“I say to you, that even so there will be joy in heaven over one sinner who repents, more than over ninety and nine righteous persons, who need no repentance.”

Jesus then completes the parable with a comparison. Not only do sinners gather together to rejoice in the finding of what is lost, but when it is a lost sinner so also does Heaven. God Himself rejoices, and all who are with Him, for thereby is fulfilled Luke 5:32; Luke 13:3; Luke 13:5. The only ones left out are the religious cynics who have no time or inclination for such behaviour. The Rabbis in contrast preferred to speak of God's joy over the downfall of the godless.

Those ‘who need no repentance' may refer to the godly in Israel who are walking in God's ways making use of the appropriate means of forgiveness (people such as Zacharias, Elizabeth, Simeon and Anna), but the Pharisees would certainly have included themselves in the total.

‘There will be joy in heaven over one sinner who repents, more than over ninety and nine righteous persons, who need no repentance.' This is not to disparage the ninety and nine, or to suggest that they were loved the less. The latter, if genuinely righteous, are fully appreciated in Heaven. However, they are not a surprise. But to find something valuable that is lost is an especially delightful surprise.

It is noteworthy in all this how confidently Jesus can speak of goings on in Heaven. For Him it was not ‘beyond the veil'. It was home.

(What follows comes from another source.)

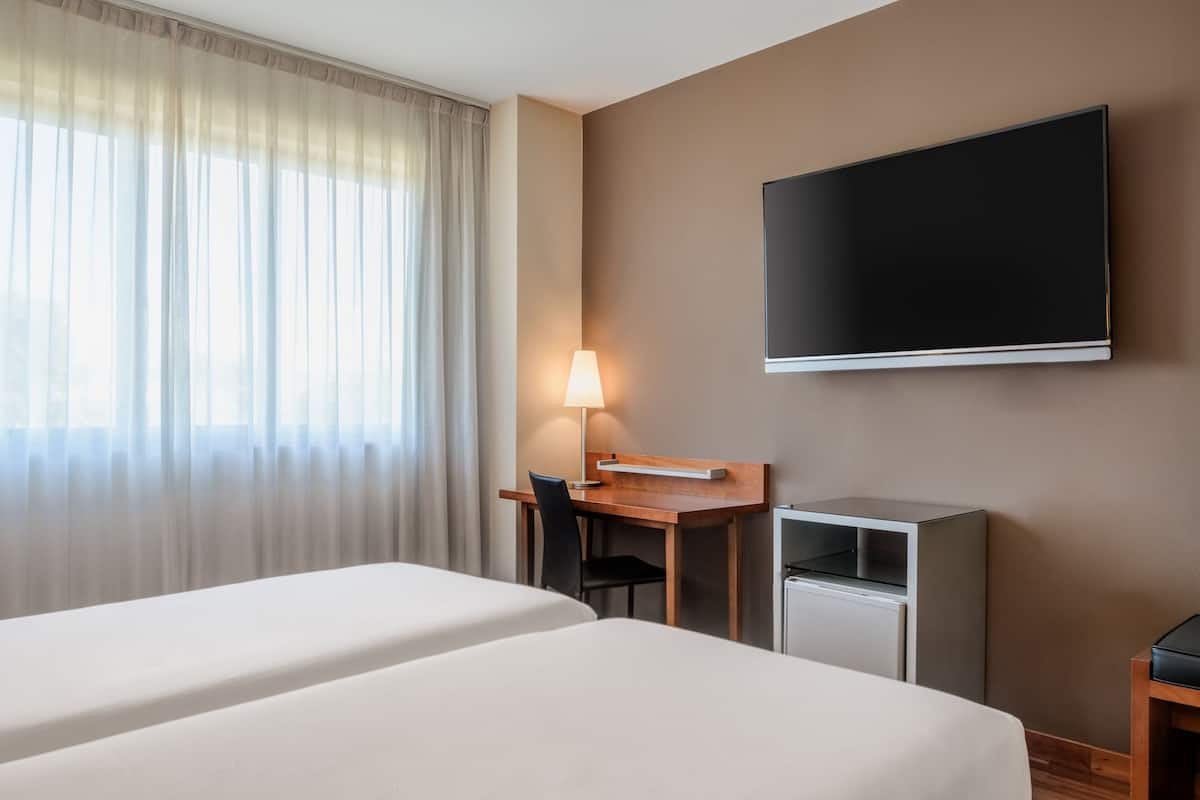 Standard Room, 2 Twin Beds, Non Smoking | Hypo-allergenic bedding, minibar, in-room safe, desk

Further Thoughts on the Parable.

The first emphasis in the parable is on the fact that the shepherd sought the sheep. It is a reminder that it is God in Jesus Christ Who in His graciousness seeks us, not we who tend to seek God. The second is on the fact that He sought until He found it. When Jesus Christ sets out after someone He does not cease until they have become His. There is behind both these ideas the concept of election, the concept that we are ‘chosen in Him before the foundation of the world, that we might be holy and without blame before him in love' (Ephesians 1:4). The perfect number is fixed. Not one must be lost. (The same idea is present in Revelation 7:1). The third is the joy in Heaven once a sinner turns to God. It brings out that God is more concerned about such things than we are. The fourth is in a sense hidden behind the simplicity of the story, and that is the cost to the shepherd. Seeking a lost sheep could mean going into inhospitable territory, and the way could be hard. It can best be put in the words of the hymnwriter,

‘But none of the ransomed ever knew,

How deep were the waters crossed,

Or how dark was the night that the Lord passed through,

Ere He found that sheep that was lost,

Out in the desert He heard its cry,

Sick and helpless and ready to die.'

And He knew the cost even as He taught this parable. He knew that ‘The Son of Man must suffer many things, and be rejected of the elders and chief priests and scribes, and be slain, and be raised the third day' (Luke 9:22). And yet He still sought the sheep, whatever the cost, until He found it.

And the fifth lesson that we must not lose sight of is that the one which was lost represents the outcast, and the despised. It represents those who while not precious in man's sight, are precious in God's sight.